Praveen Jagwani, CEO, UTI International
How foreign investors are looking at India?
India is not on their radar because they are too much consumed by the excitement of the tech rally, the magnificent 7 or now the magnificent 10, there is no bandwidth for them to evaluate any other market or asset class. They have been rewarded so much by the rally in US equities. They have not lost anything by missing out on India. In last two years, FPI flows have been net negative and India’s equity market has gone sideways. Even if they had invested, they would not have gained much. India is still trading at 22 times its earning against the long term average of 17. In contrast, US equity markets are near to all-time highs.
India is not a big portion of global indices. America’s market cap is 49 per cent of the global market cap and its weight in MSCI’s All Country World Index is 65 per cent. In contrast, India’s market cap of roughly $5 trillion is 4 per cent of the global market cap, but its weight in the index ACWI is only 2 per cent. The world is investing only 66 basis points in India against its ACWI weightage of 2 per cent. The entire FPI investment of $820 billion in India is only 66 basis points of the total market cap of the world. India is underinvested mostly because it is not a tech play. Investors are interested only AI, rare earths, R&D in tech, chips and data centres. So India is in the shadows.
Is the AI boom similar to dotcom burst?
It is obvious that the math does not add up. The investments gone into creating infrastructure for AI and data centres will be remunerative only if the returns from top tech companies – Meta, Microsoft, Open AI, Oracle – touch almost $4 trillion. It is not going to happen in a hurry. The world is willing to be fooled by business models like open AI. An open AI company that has no profits claiming a valuation of a trillion dollars in IPO and the world believes that is fair. The frothy bubble. may continue for a few more months because I do not yet see the catalyst that will prick this bubble. An early investor in an open AI company revealed that it is losing $12 billion on its 33 per cent stake. If one-third of the company is losing that much, then the overall loss of the company may be three times. However, investment bankers and tech experts are convinced that this kind of company deserves a trillion-dollar valuation.
Is UTI International attracting investment from overseas?

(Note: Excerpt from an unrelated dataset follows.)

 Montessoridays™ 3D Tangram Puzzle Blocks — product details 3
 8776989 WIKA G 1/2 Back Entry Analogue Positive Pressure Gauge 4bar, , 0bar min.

We helps global investors from 41 countries to invest in India, based on its long term story based on growing middle-class and a consumption boom. Year to date, we would have received an inflow of about $100 million from Europe, UK, the GCC, Japan and Singapore and returns have been flat. We have asset under management of about ₹27,000 crore and our target is to double in next three years as corporate earnings improve and valuations become more normalised.
Do you see a reversal in FPI flows in India?
Flows into India will pick up only if the US markets fall sharply. Some of the flow that was directed to emerging markets has flown to India as it is 17 per cent of the EM index. The flow to emerging markets were also AI related plays such as semiconductor play in Taiwan, Korea and rare earths in China.
Will India attracting investments in semiconduct and semiconductor impress FPIs?
Whatever investments are being made in India are too little and too late to be meaningfully competitive on a global platform. Interest on India will return only if the US markets correct. S&P 500 has largely been a momentum play and to that extent, India is a contrarian play.
Will US Fed cut rates?
The Fed is in a trap. The single biggest reason that the S&P is at lifetime highs is the incessant infusion of liquidity in the system for the last 14 years. Ever since the financial crisis of 2008 the Fed has been pumping in liquidity and its balance sheet grew from $3.6 trillion to $9 trillion. It came off to about $7 trillion, but that is still twice the size of the Fed balance sheet in 2008. All that money has gone to create asset bubbles in real estate and equity markets. If Fed embarks on quantitative easing in December, the equity markets will rise even higher and the bubble will not burst. The common man in America is finding it difficult to make ends meet. The top 20-30 per cent is just about managing their consumption, and the bottom 50 per cent is positively struggling. The most relevant thing is $2,000 helicopter money that Trump is promising. People will live out it for 2-4 months. If the Fed increases rates, it will hurt the already weak economy and if it cuts it will be inflationary.